Of course Emily wanted children. A woman as devoted to her family as she was wouldn’t think twice about it. It was in her DNA.

A lancing pain settled in his guts. Once, a long time ago, he’d dreamed of having children. A family linked by his blood.

‘So you don’t completely baby him, then?’ he said, forcing his own grin.

The groove in her brow deepened. ‘I never baby him. He’s just hopelessly undomesticated.’

‘I understand that it’s normal in a lot of families for the baby to keep the baby role even into adulthood.’ That didn’t apply to him, though—Marat had gone to great lengths to ensure Pascha never felt like a brother to him, younger or otherwise. Pascha had grown up feeling like an only child with a stranger living in the room next to him. A stranger he had wished with all his heart would accept him.

‘James isn’t the baby of the family,’ she said, sounding offended. ‘I am. He’s three years older than me.’

‘Really?’ He stared at her, looking for a sign that she was teasing him. All he saw was indignation. ‘Then why have you taken responsibility for your father?’

‘James and I share the responsibility.’

‘If that’s the case, why didn’t he move back home to be with your father too? Why was it only you?’

A look he struggled to discern flitted over her face. The closest he could come to describing it was confusion. ‘I offered.’

‘And James was happy with that? He didn’t offer in turn?’

‘What is this? Are you trying to turn me against my brother?’ Her brown eyes were wide, the rest of her features tight, and she took a step back.

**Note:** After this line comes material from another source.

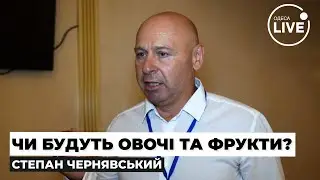 ⚡️Аграрії перед новими викликами: чи буде Україна з овочами взимку? ЧЕРНЯВСЬКИЙ | Odesa.LIVE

‘Not at all. I’m just trying to understand why you’re the one doing everything—risking everything: your job, your home—while your brother gets to live his life as normal apart from occasionally acting as a babysitter.’

She looked as if she’d been punched. ‘You haven’t the faintest idea what you’re talking about or what we’ve been through, so keep your opinions to yourself.’

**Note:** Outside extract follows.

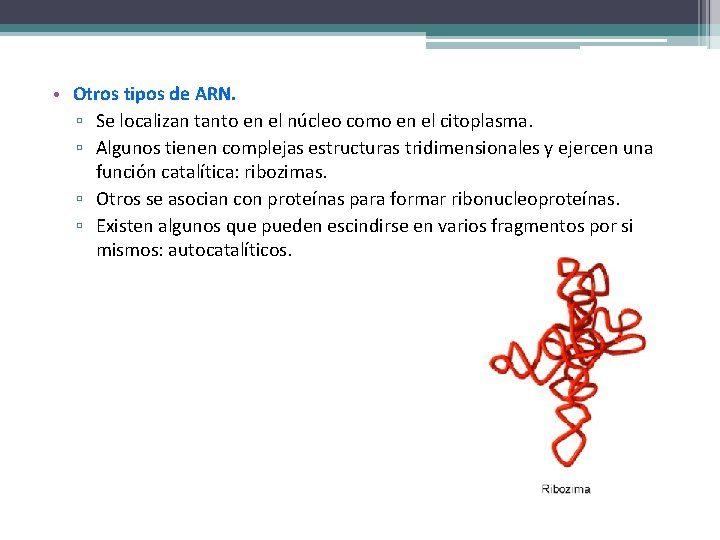  • Otros tipos de ARN. ▫ Se localizan tanto en el núcleo como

She left his hut without a goodbye.

Pascha could have kicked himself. He hadn’t wanted to upset her, but nonetheless he was glad he’d said what he had.

He would bet every last cent he had that James’s job wasn’t at risk. The man ran his own business, could take all the leave he needed with no one to answer to.

Emily had been the one to take all the time off, enough to have been given a final warning for it. Emily had been the one to leave her flat and move back into her childhood home.

James might be the elder sibling but it was the younger of the two who had taken the role of leader.

It was the younger of the two who’d effectively given up her life for their father.

CHAPTER TEN

EMILY SAT AT the table of her hut—which had mercifully escaped the storm with no internal damage—carefully sewing sequins onto the hem of the dress she’d spent the afternoon making, a different dress from the one she’d marked out a couple of days before. So what if she had no mannequin or model? That she was doing something practical was enough.